Academic journal article Narrative Culture

Le Piège d'Issoudun: Motherhood in Crisis1

Academic journal article Narrative Culture

Le Piège d'Issoudun: Motherhood in Crisis1

Article excerpt

J'ai vécu des moments très noirs avec mes propres enfants, non à cause d'eux mais de moi, que j'ai vécu des moments très, très, très difficiles, très épuisants d'être rendu à un bout de dire-de me dire à moi-même-y a quelqu'un qui pourra m'enlever des gens? [I lived very dark moments with my own children, not because of them but because of me. I had very, very, very difficult, exhausting times, even to the point of saying-to myself-can someone take these people off my hands?] (Micheline Lanctôt, Le mythe de la bonne mère)2

Few audiences mistake fairy-tale films for documentaries. Yet as in any other fictional form, such movies seek some level of verisimilitude. Quebec actor/ writer/director Micheline Lanctôt's 2003 Le piège d'Issoudun (The Issoudun Exit/Trap; English title The Juniper Tree, henceforth Issoudun) addresses a realistic topic: the inchoate desperation of an early twenty-first-century privileged woman.3 In exploring her character Esther's nameless and ultimately unidentified problems,4 Lanctôt juxtaposes a play based on the Grimm version of tale type ATU 720, "The Juniper Tree," with a neorealist story evoking the same narrative, set in suburban Montreal, Canada.5 Lanctôt's rendition of the narrative addresses the complexities of a culturally tabooed subject-child murder by mothers, ma- ternal filicide6-without offering pat psychological or sociological explanations. Viewer online reviews, among other reactions, show audiences disturbed by the absence of overt justification for Esther's actions. Responding to what I see as a misreading of the film's realist elements as unmotivated or merely horrific, I argue that the neorealist story, illuminated by the fairy-tale play, benefits from an understanding of feminist analysis of maternal filicide. Given Lanctôt's other reflections on mothering, especially her 2006 documentary Le mythe de la bonne mère (The myth of the good mother, henceforth Le mythe), I contend that Issoudun offers a serious intervention on the social issues it addresses. I focus on explaining the film's realist elements via the fairy-tale play, noting their intersections. Other perspectives would shed further light on the film-indeed, it merits such consider- ation-including using the realistic narrative to illuminate the tale-type, but such work must await another essay. I also warn those who have not seen the film that I disclose crucial plot elements including the ending. Spoiler alert!

Issoudun's doubled narratives, and its totality, are versions of tale-type ATU 720. Each traditional fairy tale's telling, regardless of its medium and including film, forms a copy of which there is no original. As Donald Haase argues, sin- gle-authored written texts offer poor models for understanding traditional fairy tales.
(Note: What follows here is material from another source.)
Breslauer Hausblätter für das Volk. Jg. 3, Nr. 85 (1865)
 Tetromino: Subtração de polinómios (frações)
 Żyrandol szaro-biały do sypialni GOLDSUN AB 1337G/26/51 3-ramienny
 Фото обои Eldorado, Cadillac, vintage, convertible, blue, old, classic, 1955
Every version, a snapshot in time and space, simultaneously refers to its predecessors (see, e.g., Sale). As adaptations, "repetition without replication" (Hutcheon 7), fairy-tale films (see Zipes; Greenhill and Matrix; Bacchilega) offer "acknowledged transposition of a recognizable other work or works. . . . A creative and an interpretive act of appropriation/salvaging" (Hutcheon 7; see also Sanders). Linda Hutcheon calls adaptation "a derivation that is not derivative-a work that is second without being secondary. It is its own palimpsestic thing" (9). Fairy-tale films, like Issoudun, sometimes transpose a traditional narrative into a quotidian present-day world; many draw a bleak picture with no conventional happy ending. Both live action (see, e.g., Kohm and Greenhill) and animated (see, e.g., Greenhill and Kohm) fairy-tale films can demonstrate brutal realism-as does Issoudun.7

Another feature-length film, American Nietzchka Keene's 1990 The Juniper Tree, also draws on ATU 720. (Much background information here comes from my collaborative article on it [Greenhill and Brydon].) Zipes locates films about ATU 720 with "Hansel and Gretel," "Tom Thumb," "The Pied Piper," and "Donkeyskin," as addressing "abusing and abandoning children" (193-223). …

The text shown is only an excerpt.